## Exercise prompt
After finding the line with "almohadon Tusor Premium" in the data below, set down exactly each line through the one with "Retro Konsole T-Shirt", inclusive, and stop there.

## Material for the task
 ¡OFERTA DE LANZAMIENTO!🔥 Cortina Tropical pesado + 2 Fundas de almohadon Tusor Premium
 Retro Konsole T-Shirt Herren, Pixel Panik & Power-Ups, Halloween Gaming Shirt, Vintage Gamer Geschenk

...

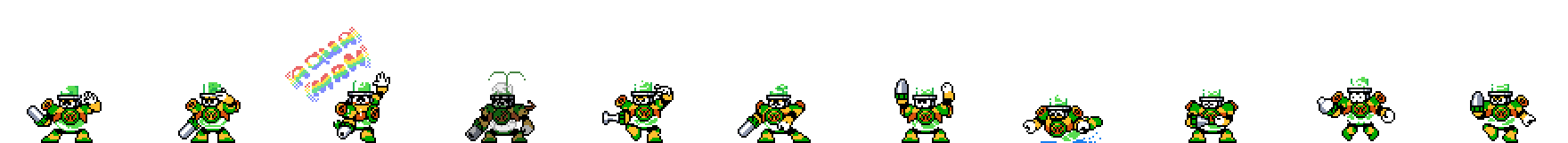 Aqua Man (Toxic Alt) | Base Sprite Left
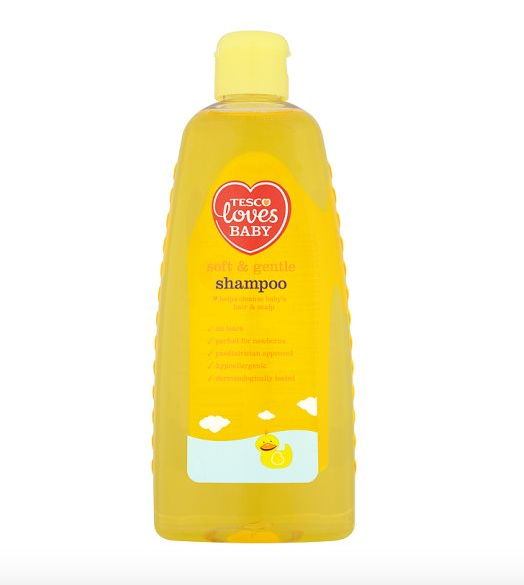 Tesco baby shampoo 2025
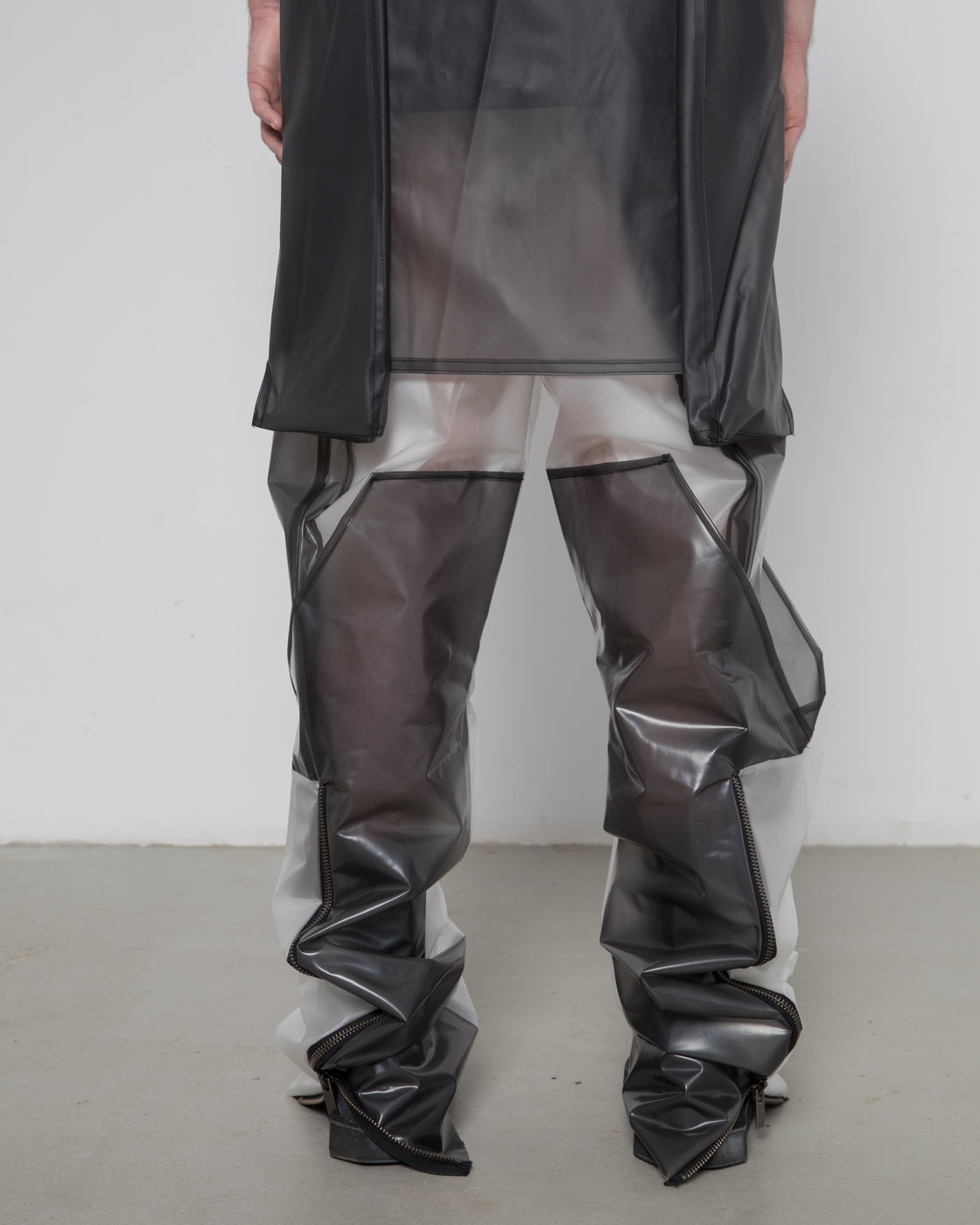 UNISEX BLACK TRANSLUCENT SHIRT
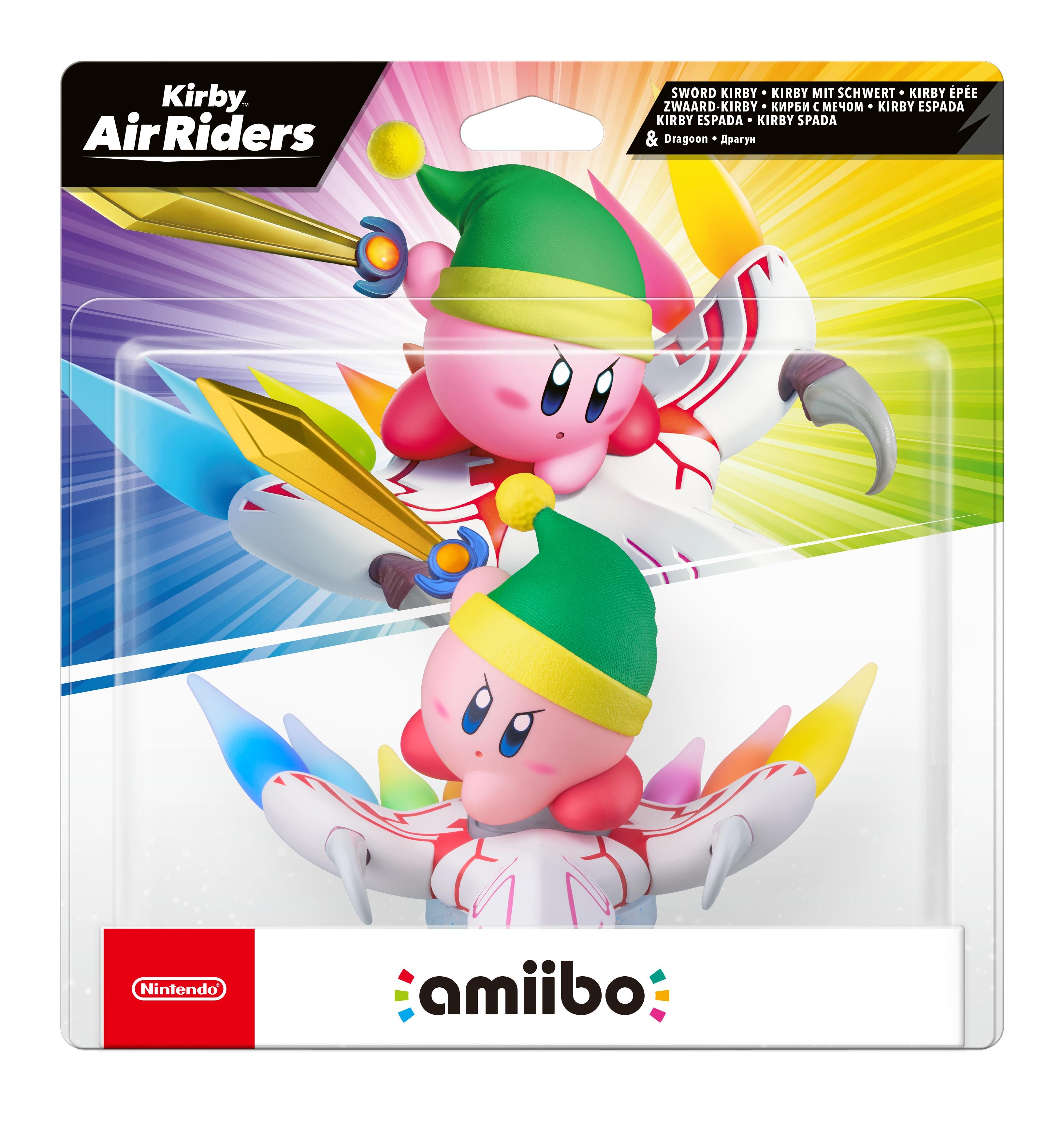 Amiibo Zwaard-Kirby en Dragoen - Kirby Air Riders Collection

* * *

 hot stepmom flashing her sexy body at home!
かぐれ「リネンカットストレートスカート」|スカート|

## Written response
 ¡OFERTA DE LANZAMIENTO!🔥 Cortina Tropical pesado + 2 Fundas de almohadon Tusor Premium
 Retro Konsole T-Shirt Herren, Pixel Panik & Power-Ups, Halloween Gaming Shirt, Vintage Gamer Geschenk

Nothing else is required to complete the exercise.